▸ **WORK TO BE COMPLETED**:
Below are the entries; give again exactly the lines from the one mentioning "Псилоцибиновые грибы прущие" through the one mentioning "Pesquisa apoiada pelo", inclusive.

▸ **SUPPLIED RECORDS**:
:::::

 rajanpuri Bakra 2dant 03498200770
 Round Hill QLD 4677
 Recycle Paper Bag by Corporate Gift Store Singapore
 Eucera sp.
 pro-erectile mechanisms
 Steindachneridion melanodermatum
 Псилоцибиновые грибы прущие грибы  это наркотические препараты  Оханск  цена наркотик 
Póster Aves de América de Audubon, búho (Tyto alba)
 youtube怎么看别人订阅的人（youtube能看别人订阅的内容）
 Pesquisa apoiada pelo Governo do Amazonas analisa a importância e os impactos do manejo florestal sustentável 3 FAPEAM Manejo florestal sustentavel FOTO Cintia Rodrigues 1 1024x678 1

:::::

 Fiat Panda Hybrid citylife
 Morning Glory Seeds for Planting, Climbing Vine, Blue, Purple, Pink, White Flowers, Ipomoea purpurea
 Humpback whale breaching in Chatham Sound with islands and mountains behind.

:::::

▸ **RESPONSE FOR THIS EXERCISE**:
 Псилоцибиновые грибы прущие грибы  это наркотические препараты  Оханск  цена наркотик 
Póster Aves de América de Audubon, búho (Tyto alba)
 youtube怎么看别人订阅的人（youtube能看别人订阅的内容）
 Pesquisa apoiada pelo Governo do Amazonas analisa a importância e os impactos do manejo florestal sustentável 3 FAPEAM Manejo florestal sustentavel FOTO Cintia Rodrigues 1 1024x678 1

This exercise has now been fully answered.